EMHMM revealed again an eyes-focused pattern and a nose-focused pattern through clustering all participants’ HMMs (Fig. 6a). The two patterns differed significantly: data from the eyes-focused group had larger data log-likelihood given the eyes-focused HMM than the nose-focused HMM, t(27) = 8.817, p < 0.001, d = 1.67, 95% CI = [0.83, 2.50]; similarly for the nose-focused group, t(15) = 4.913, p < 0.001, d = 1.23, 95% CI = [0.61, 1.84]. Consistent with our hypothesis, independent sample t-tests revealed that the ASD children (M = 10.13, SD = 0.58) had significantly higher overall entropy than TD children (M = 9.74, SD = 0.55), t(42) = 2.24, p = 0.015, d = 0.68, 95% CI = [0.06, 1.28], but they (M = 0.005, SD = 0.04) did not have lower EN scale than TD children (M = 0.16, SD = 0.03), t(42) = −1.06, p = 0.147, d = −0.32, 95% CI = [−0.91, 0.27] (Fig. 6b). Correlation analysis testing a positive correlation between overall entropy with AQ subscales showed that it was only observed with AQ Social Skills, r(42) = 0.36, p = 0.009, 95% CI = [0.07, 0.59], but not other AQ subscales. In addition, we replicated our earlier findings: partial correlation analysis controlling for age and IQ showed that face recognition performance was correlated with eye movement consistency r(42) = −0.538, p < 0.001, 95% CI = [−0.72, −0.29], but not eye movement pattern, r(42) = −0.183, p = 0.247, 95% CI = [−0.46, 0.12].

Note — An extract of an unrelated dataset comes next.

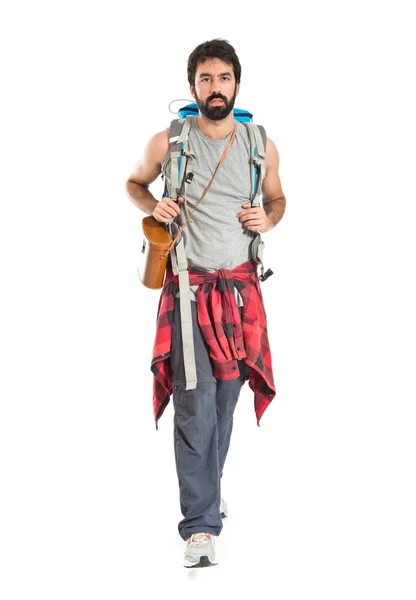 Young backpacker walking over white background — Stock Photo, Image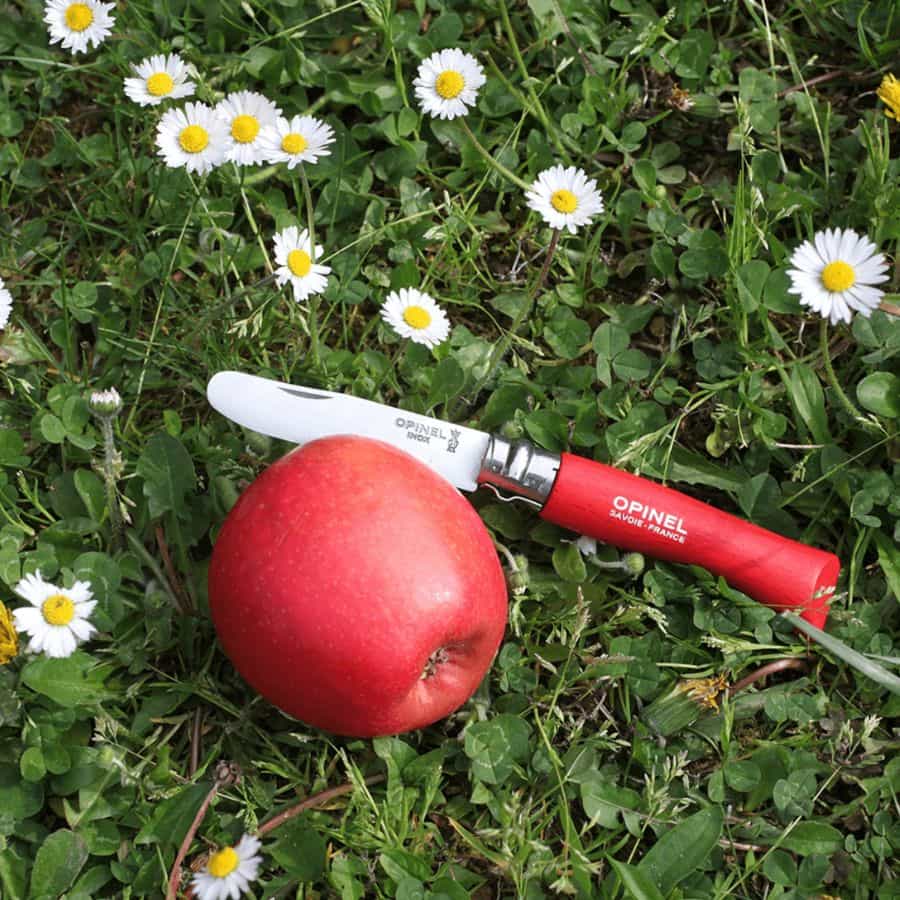 Rød Opinel foldekniv med rustfrit stålblad ved siden af et rødt æble i græs med hvide margueritter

**Fig. 6: Data from ASD children and comparisons between ASD and TD children.**

Discussion

In human visual object recognition, it has long been assumed that looking at diagnostic features leads to better recognition performance³. However, typically we can only attend to features one at a time, and thus recognition requires eye fixation planning. Recent research has shown that adults exhibit person-specific eye movement patterns in face recognition, and deviation from such visual routines can impair performance⁸. While it suggests the importance of visual routines, how eye movement consistency contributes to performance has been overlooked in the literature. Here we aimed to fill this gap by testing the hypothesis that during early learning when visual routines are not well developed for the task, inconsistent eye fixations, even if landing on diagnostic regions, can signify difficulty in discovering and extracting diagnostic features to develop a visual routine due to cognitive ability limitations and insufficient experience in face recognition through social interaction, leading to suboptimal performance. Thus, at this stage, eye movement consistency, instead of the eye movement pattern, predicts recognition performance. It may also reflect reduced face-viewing experience through social interaction, a characteristic of ASD^{11,12,13,14,15,16}. Once a suboptimal routine is formed, it can become difficult to change. Indeed, adult face recognition performance has limited plasticity for improvement through training⁴⁶, and this phenomenon may be related to adults’ well-developed, stable visual routine for face recognition.

We adopted both computational and experimental approaches to examine this hypothesis. Building upon the success of DNN in accounting for perceptual representations and HMM in modelling eye movement behaviour in human face recognition, we proposed a unified learning model, DNN+HMM, with a DNN and an HMM jointly learning perceptual representations and eye movement strategies simultaneously. In contrast to previous approaches of simulating bottom-up visual attention in DNNs, the proposed model integrates DNN with an interpretable, learnable top-down model of visual attention that learns eye movement strategies for object recognition through interacting with the DNN. The model’s output eye movement behaviour thus is summarised in an HMM and can be directly compared with human data using the EMHMM approach.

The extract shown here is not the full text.